# Rome vs. Drake? Forum vs. M3??



## Guest (Oct 9, 2007)

So now that I have done some more research I am now b/w the Drake Leblanc MLB and Rome Arsenal bindings, and between a Forum Recon 153 MW, an M3 Discord Pro 155.5, and a Rome Crail 156. I am 18, 5'10", 125 lbs., boot size 11, and I have snowboarded for years and this year I will be in northern MI riding mainly groomed slopes but some pow every now and again. I have a lot of friends who are just starting or are fairly new this year so I need a board that will be somewhat decent freeride, but I thoroughly enjoy the park.  Anyone have any suggestions on this?? I heard someone else say that Forum was going downhill...? I know a few years ago they were awesome...and is this is a beginner Rome board? Anyway, thanks for any help you can give.


----------



## Guest (Oct 9, 2007)

Oh, and Price-wise the Drakes are $85, the Rome bindings are $120, the Forum board is $230, the M3 board is $230, and the Rome board is $200. Any thoughts on this as well? Thanks.


----------



## Slaughterhouse (Aug 17, 2007)

Good prices all around. The Mickey Leblanc is a signature binding for, well, Mickey Leblanc. ML is known for jibbing and a lot of street so I'm not sure if this binding fits you're riding profile. HOWEVER, if you can ride, any binding will work out for you but if you want to tweak out your ride with some Drakes look for some F-60s, Matrix, Czars, or if you can find them cheap Podiums. I found that on the newer Drakes a size 11 Northwave boot does fit into a large size binding but VERY tightly. I would rather go with an extra large binding if I were to do it all over again (yes I wear an 11 Northwave). I have heard a lot of good things about Rome, both bindings AND board. Forum is a sinking ship.


----------



## Guest (Oct 9, 2007)

Ah...that saddens me that forum is turning out that way...and actually from the retailer that I am buying through they don't have this binding in XL so I am thinking about just sticking with the Arsenals then.  I guess as well that I might just go with the Rome Crail, but I'm still up for new ideas if anyone has any...


----------



## Slaughterhouse (Aug 17, 2007)

I am a hard core Drake fan but honestly, I have heard NOTHING but good things about Rome. My spouse even picked up a Rome Vinyl for this season for herself.


----------



## lisevolution (Sep 20, 2007)

I'd avoid Forum as they've definitely gone down hill...I highly recomned Rome, I haven't ridden one yet but all the reviews are strong and I'm buying an Agent for myself this year. What put it over the edge for me was their customer service. If you want to see what I mean check out this post:
http://www.snowboardingforum.com/general-board-talk/1188-rome-flag-dilemna.html

In terms of bindings I love Ride bindings for all mountain use. I use the SPi's but but the Delta Mvmt's are sick as are the lower end of the spectru such as the EX and LX models. I love the aluminum baseplate, it's a bit stiff but great response for all mountain riding. I also can't say anything bad about Drake bindings, I had Matrix's for a long time till I switched to the SPi and again their customer service is sick. I broke a strap on the Matrix which were from like 2001 or earlier and they still sent me a replacement free of charge...


----------



## Guest (Oct 9, 2007)

Thanks for the input guys! I think I am gonna go with all Rome then this season. ^-^' I am SOOO excited.


----------



## REKER (Jul 12, 2007)

I actually ride an M3 Discord 155.5 with the Drake LeBlanc's and personally, I like them as a combo. Good flex with the bindings, though the Discord is a little stiffer than I want. The combo is comfortable for me in the park (medium jumps and boxes)and all mountain. Mind you, im 190lbs. Also, I found the 32 Lashed boots to be a little snug in the baseplate of the LeBlancs, too.

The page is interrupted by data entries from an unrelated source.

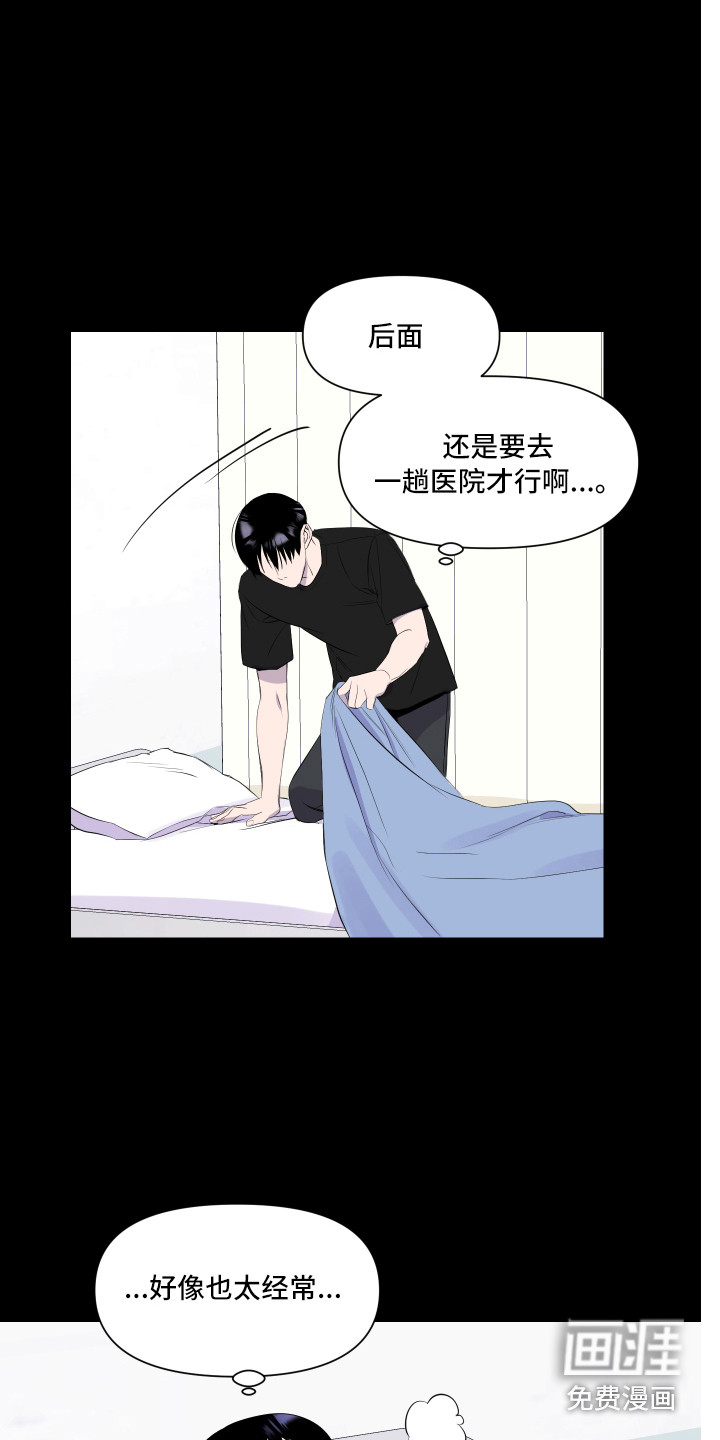 第5话 第12页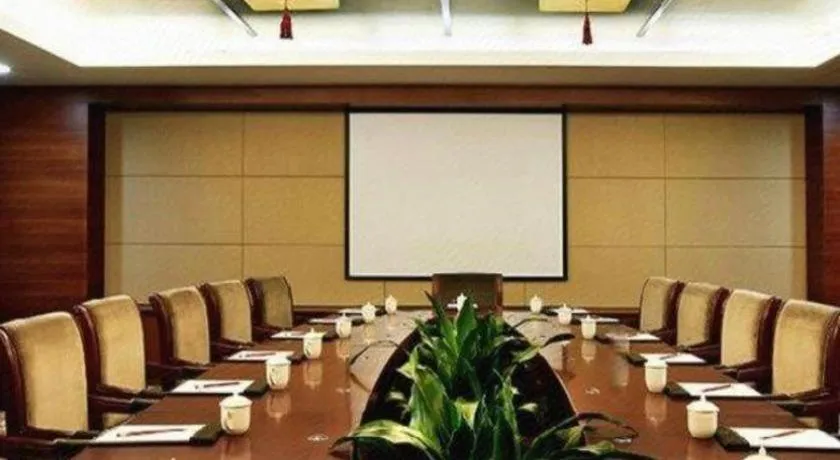 Jinggangshan ZhongTaiLai International Hotel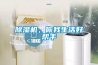 除濕機，你我生活好幫手
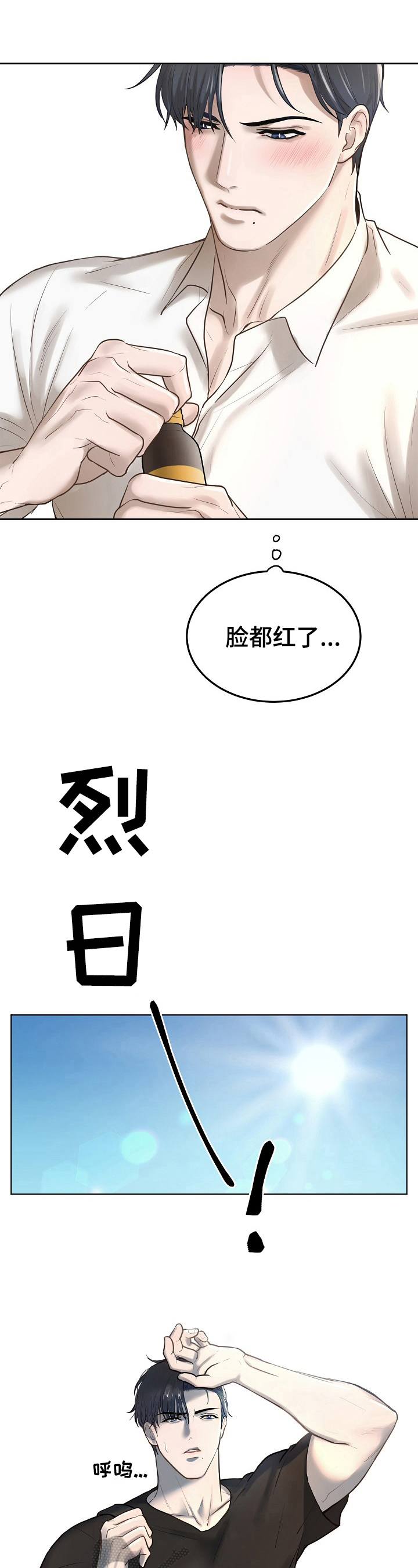 第8话：照顾预览分镜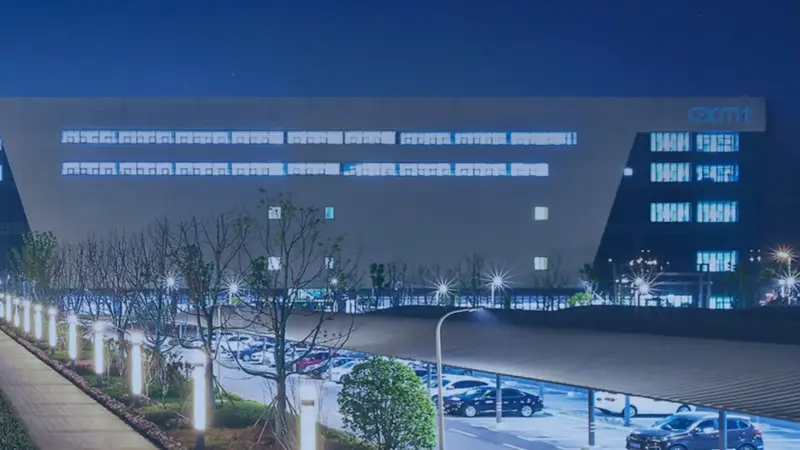 合肥古城畔产业新贵上市 周边酒店因科创浪潮弥漫繁忙文艺气息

This season im going with Rome 390's for sure and either a Capita Indoor Survival or a Rome Agent.


----------



## Mr. Right (Sep 27, 2007)

Yeah, I have an M3 Discord 161.5, it's my sports car. I doubt it would do you all that much good in the park but if you want a board that doesn't turn into butter at high speed, it's a good buy. I like ride bindings but I have thought of picking up some drakes. They look like they follow the same idea in construction, and I am all for bindings that aren't all plastic and cheesy. I don't think I have ever heard one bad thing about a Rome product to date.


----------



## Guest (Oct 10, 2007)

Does anyone know how flexible this Rome Crail 156 is?? Thanks...


----------



## wrathfuldeity (Oct 5, 2007)

drakes f60 and limiteds....comfortable, adjustible, a bit heavier but solid, great customer service to replace worn parts from rockin Baker.


----------